Sicurezza

‘Ndrangheta, la sfida “globale” di Interpol

A Reggio Calabria con i vertici del Viminale e Interpol si presenta “I-Can”: un progetto globale di contrasto delle polizie alla mafia più potente del mondo

di Marco Ludovico


'Ndrangheta, parte dalla Calabria l'attacco globale con Interpol

2' di lettura

Mobilitazione di tutte le polizie contro la ‘ndrangheta: è il progetto Interpol illustrato oggi a Reggio Calabria. Una scommessa nella sfida più grande contro la mafia numero uno al mondo per potenza economica e forza di penetrazione internazionale. Il segretario generale Jurgen Stock ha presentato “I-Can- Interpol Cooperation Against ’Ndrangheta” insieme al vicecapo del dipartimento di Pubblica sicurezza, Vittorio Rizzi.

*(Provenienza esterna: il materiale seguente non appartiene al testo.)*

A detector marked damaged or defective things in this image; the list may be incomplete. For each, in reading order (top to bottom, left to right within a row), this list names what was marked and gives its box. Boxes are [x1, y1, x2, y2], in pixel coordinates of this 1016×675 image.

La mappa aggiornata della ‘ndrangheta
I dati illustrati in conferenza stampa sono eloquenti. La mafia calabrese oggi è presente in 32 Paesi di quattro continenti (Europa, Africa, America e Oceania), opera in 17 Stati europei ed è il principale broker del mercato mondiale degli stupefacenti. In Europa le forze di polizia hanno accertato l’esistenza della ‘ndrangheta - attraverso la presenza delle locali, la cattura di latitanti o il sequestro di beni - in Austria, Belgio, Croazia, Francia, Germania, Gran Bretagna, Irlanda, Lussemburgo, Malta, Paesi Bassi, Portogallo, Principato di Monaco, Romania, San Marino, Slovenia, Spagna, Svizzera. La sua presenza risulta anche in Liberia, Marocco, Seichelles (per l´Africa), nelle Antille Olandesi, Argentina, Brasile, Canada, Colombia, Costarica, Guayana Francese, Panama, Repubblica Dominicana, Uruguay, USA (per l’America) e in Australia.

La scommessa dell’Italia
Nel corso della 88° Assemblea Generale Interpol dell’ottobre 2019 a Santiago del Cile per la prima fase del progetto l’Italia ha proposto il progetto I-Can a dieci Paesi europei ed extraeuropei. C’è bisogno di consapevolezza della minaccia e di adeguamento delle norme di contrasto, spesso all’estero di gran lunga più deboli rispetto a quelle italiane. Il senso di I-Can è innanzitutto di trasmettere questo messaggio specie tra quelle nazioni dove l’associazione criminale è riuscita a radicarsi in profondità. L’Italia, in particolare, vuole condividere senso e significato di alcune azioni operative dimostratesi molto efficaci: a cominciare dalle misure di sequestro preventivo dei beni criminali.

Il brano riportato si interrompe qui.